_Exercise requirements_
From the first line of the data below, repeat each line exactly until you reach the line with "パタヤ Welcome Jomtien Beach Hotel 5つ星 ホテル プール"; include that line too.

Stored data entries
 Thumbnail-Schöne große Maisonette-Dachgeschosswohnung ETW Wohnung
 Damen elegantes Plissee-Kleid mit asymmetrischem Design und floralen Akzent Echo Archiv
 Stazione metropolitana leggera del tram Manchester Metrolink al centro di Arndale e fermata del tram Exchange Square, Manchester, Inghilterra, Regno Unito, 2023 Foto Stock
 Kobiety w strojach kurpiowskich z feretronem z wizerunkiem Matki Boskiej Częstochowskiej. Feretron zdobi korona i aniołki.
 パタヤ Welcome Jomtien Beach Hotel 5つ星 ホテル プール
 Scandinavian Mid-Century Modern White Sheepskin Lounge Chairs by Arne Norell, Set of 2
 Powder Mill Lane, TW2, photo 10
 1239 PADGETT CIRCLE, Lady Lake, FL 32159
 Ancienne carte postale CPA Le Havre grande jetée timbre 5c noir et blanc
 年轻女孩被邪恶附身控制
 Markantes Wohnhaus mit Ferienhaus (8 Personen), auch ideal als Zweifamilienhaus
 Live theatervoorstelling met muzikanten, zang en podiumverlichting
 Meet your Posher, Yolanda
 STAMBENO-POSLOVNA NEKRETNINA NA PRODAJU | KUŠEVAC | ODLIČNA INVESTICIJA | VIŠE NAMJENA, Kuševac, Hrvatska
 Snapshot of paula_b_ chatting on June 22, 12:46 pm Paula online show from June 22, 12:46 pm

_Exercise result_
 Thumbnail-Schöne große Maisonette-Dachgeschosswohnung ETW Wohnung
 Damen elegantes Plissee-Kleid mit asymmetrischem Design und floralen Akzent Echo Archiv
 Stazione metropolitana leggera del tram Manchester Metrolink al centro di Arndale e fermata del tram Exchange Square, Manchester, Inghilterra, Regno Unito, 2023 Foto Stock
 Kobiety w strojach kurpiowskich z feretronem z wizerunkiem Matki Boskiej Częstochowskiej. Feretron zdobi korona i aniołki.
 パタヤ Welcome Jomtien Beach Hotel 5つ星 ホテル プール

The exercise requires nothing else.